Only the lines below starting at the one containing "佳能EOS850D适合摄影初学者吗" and ending at the one containing "Марио Фернандес - Алексей" belong in the answer, each copied exactly.

=== RECORDS SHOWN ===

┌────────

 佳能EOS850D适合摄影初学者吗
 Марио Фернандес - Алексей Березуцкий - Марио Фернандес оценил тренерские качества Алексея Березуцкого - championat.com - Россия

└────────
┌────────

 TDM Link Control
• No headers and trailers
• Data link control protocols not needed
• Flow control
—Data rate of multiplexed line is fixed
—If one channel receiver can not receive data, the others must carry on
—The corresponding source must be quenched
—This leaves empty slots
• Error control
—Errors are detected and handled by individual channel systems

└────────
┌────────

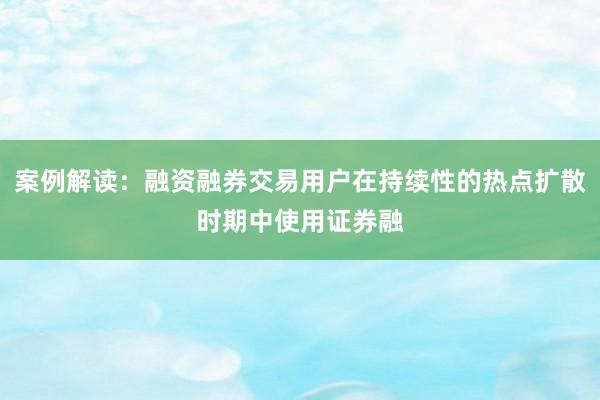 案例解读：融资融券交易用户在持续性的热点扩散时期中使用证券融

└────────

=== RESULT FOR THIS EXERCISE ===
 佳能EOS850D适合摄影初学者吗
 Марио Фернандес - Алексей Березуцкий - Марио Фернандес оценил тренерские качества Алексея Березуцкого - championat.com - Россия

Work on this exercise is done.